Foreclosures are continuing to disconcert New York Residents in January, with Brooklynites suffering the most. New Yorkers in danger of losing their houses went up by 35 percent compared to the same period last year, according to statistics provided by www.foreclosuredatabank.com, one of the leading online foreclosure databases with a detailed Brooklyn Foreclosure List.

In total, 1,825 homes in the five New York City boroughs were given some sort of property foreclosure notice in January. The previous month the number of houses that received foreclosure notices was 9.3 percent higher at 1,995.

According to Michael Hickey, executive director of the Center for New York City Neighborhoods, an organization which arranges free legal services and housing counseling for distressed New Yorkers, the city is still in a crisis. They are expecting the current trend to carry on in the same way for the next several months before it levels off.

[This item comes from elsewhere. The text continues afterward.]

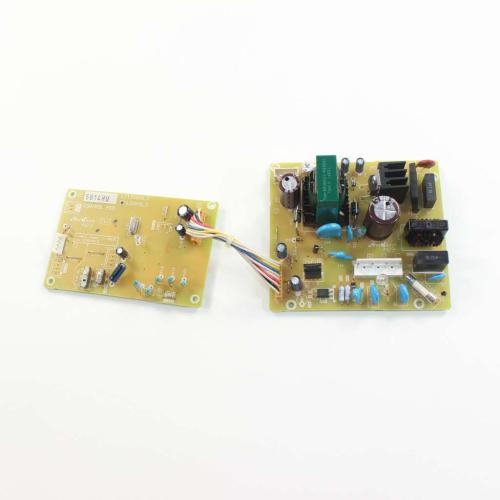 Panasonic Pc Board - FFV3740017S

Even though Queens has been at the center of the New York’s foreclosure turmoil for quite some time now, Brooklyn home owners incurred in 693 foreclosure notices in January — the most in the city — up 86.8 percent compared to the same period last year but down 8.5 percent compared with the previous month.

Severely volitile neighborhoods include Canarsie, Bedford-Stuyvesant, Flatlands, East New York and East Flatbush. “We have been seeing a tremendous increase in Sunset Park and other places that we had never even heard of before,” said Meghan Faux, director of the Foreclosure Prevention Project at South Brooklyn Legal Services, to a certain extent blaming the recent high levels of unemployment. “But most of the cases we come across are in fact loans that were never really affordable.” A foreclosure counselor in Brooklyn told us that he has seen more home owners who have job losses or whose tenants are unemployed.

Based on a report by a widely cited research company, in second place behind Brooklyn was Queens, with 616 foreclosure notices in January, down around two percent in comparison to January 2009 and December 2009. One out of every 1,836 properties in New York City received some kind of notice on foreclosure – a scheduled foreclosure auction notice, a default notice, or a bank repossession notice. However, that was by far better than the national median, where one out of every 409 homeowners is currently facing foreclosure.